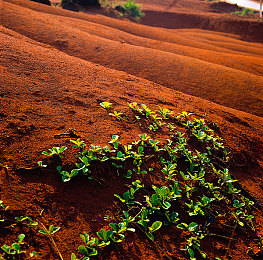 侧所里的花子vs强力屈魔师中文版特色｜神秘花子与策略魔师，中文版来袭，游戏市场再掀热潮-5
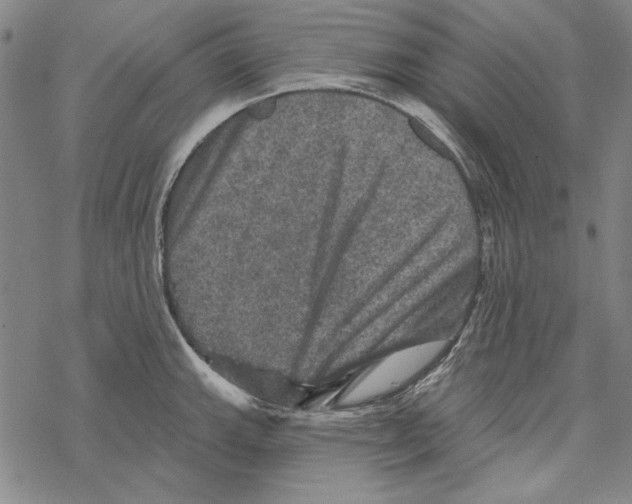 X0000067881143200605111818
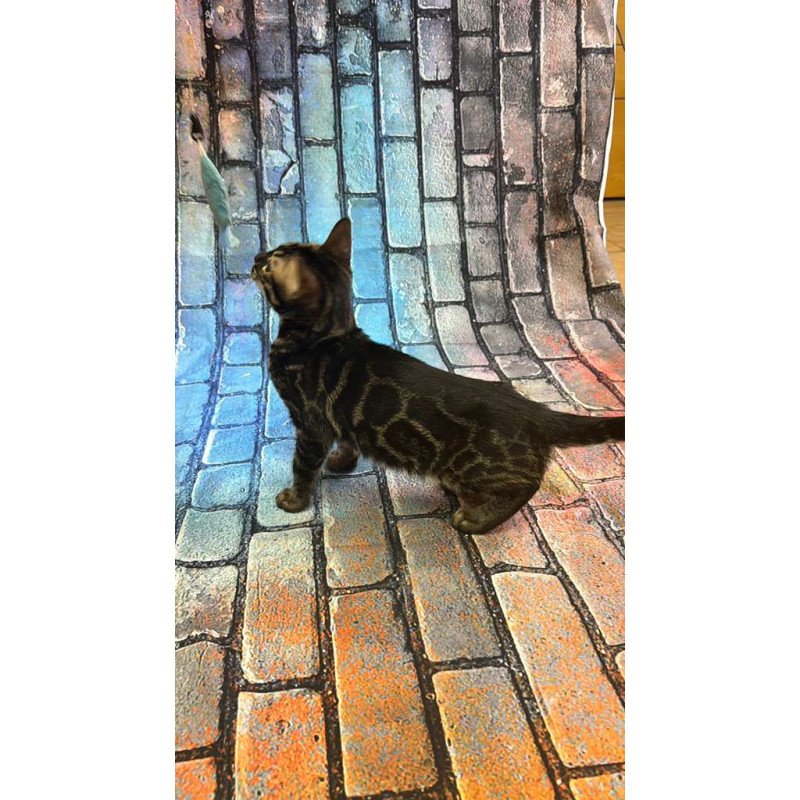 Bengal Velvet Black Kitten is in NY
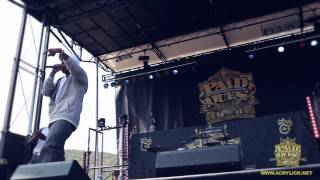 Paid Dues 2013 | Acrylick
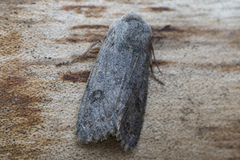 Lead-coloured Drab (Orthosia populeti)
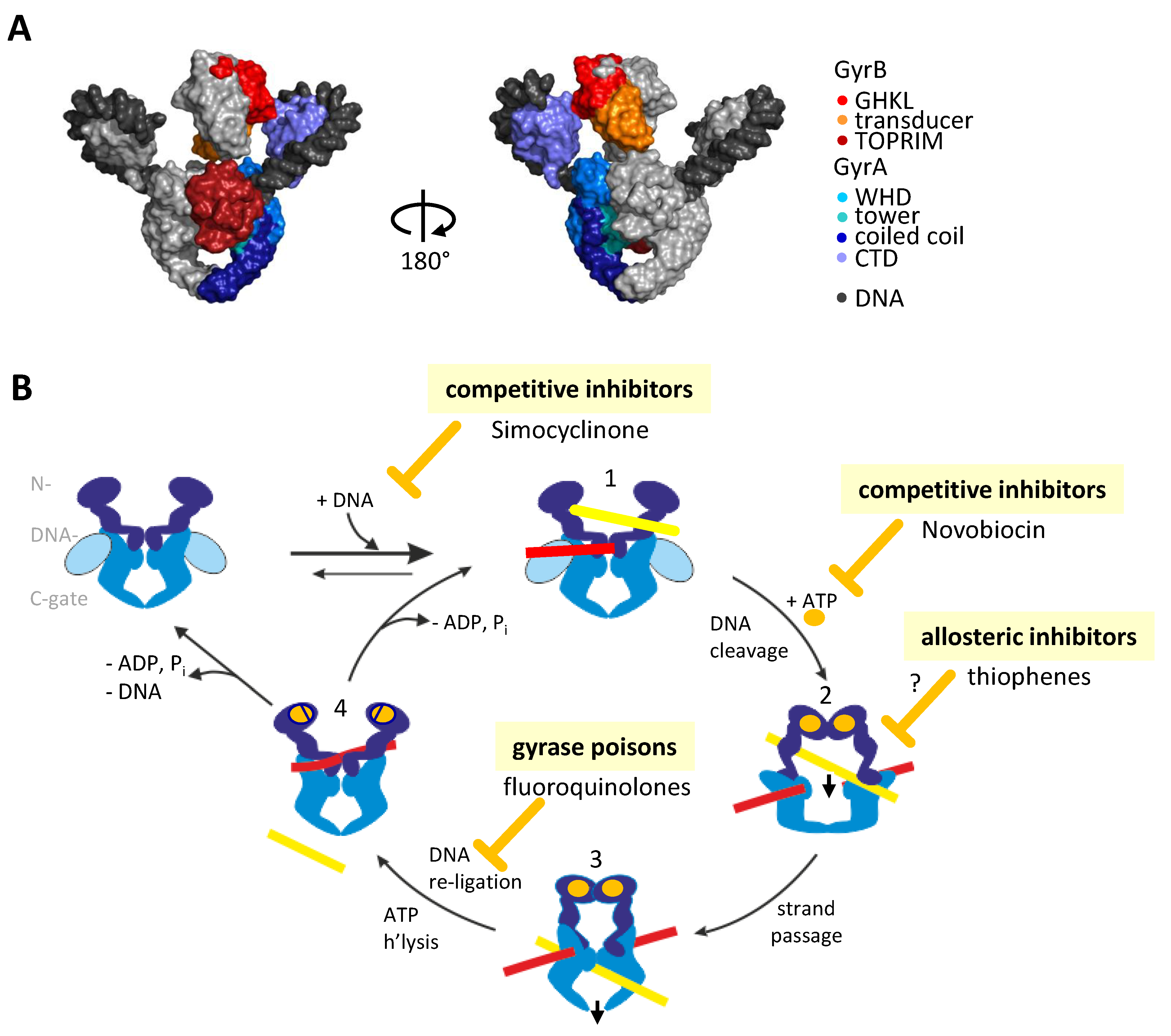 Molecules Free FullText Towards ConformationSensitive Inhibition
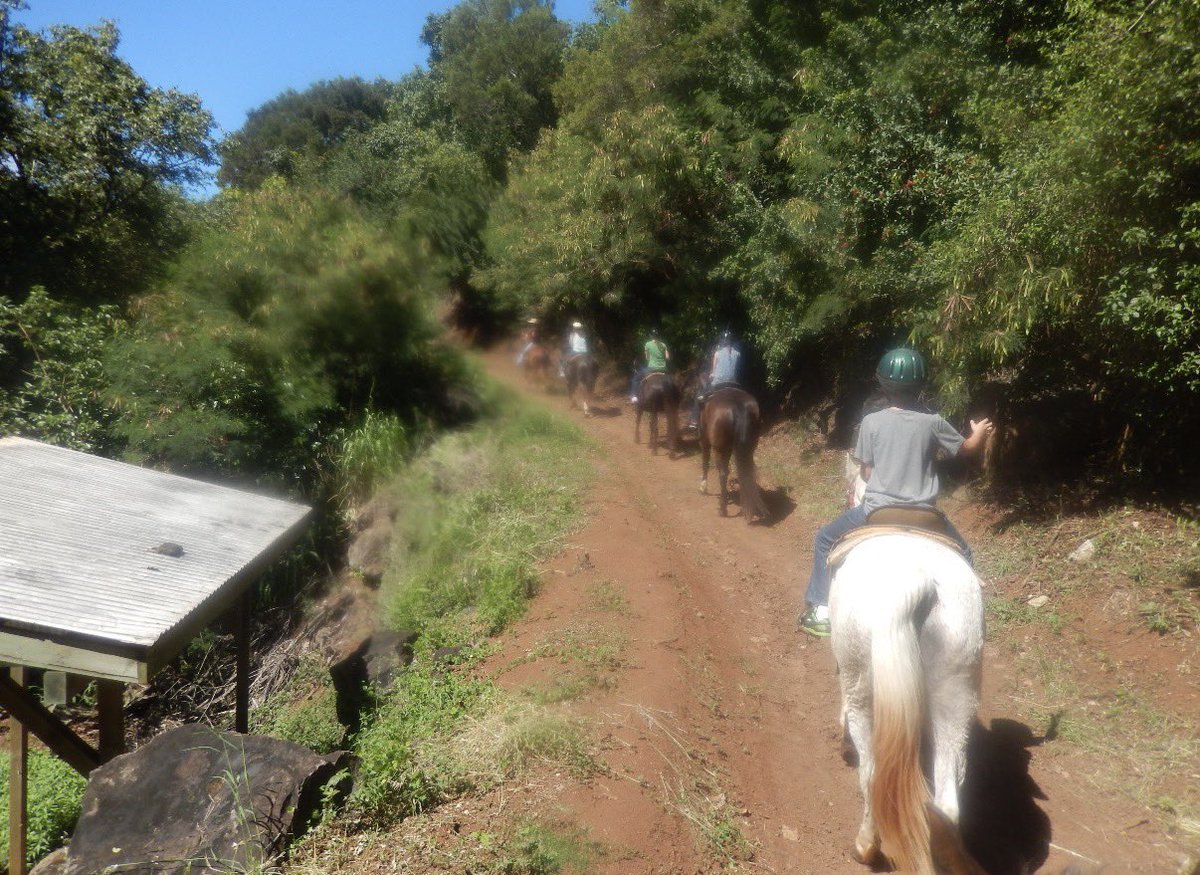 Elizabeth tweet media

----------

▶ [Action item] Everything in the records above should come back word for word, except the pictures.

▶ [Answer to the problem]
 侧所里的花子vs强力屈魔师中文版特色｜神秘花子与策略魔师，中文版来袭，游戏市场再掀热潮-5
 X0000067881143200605111818
 Bengal Velvet Black Kitten is in NY
 Paid Dues 2013 | Acrylick
 Lead-coloured Drab (Orthosia populeti)
 Molecules Free FullText Towards ConformationSensitive Inhibition
 Elizabeth tweet media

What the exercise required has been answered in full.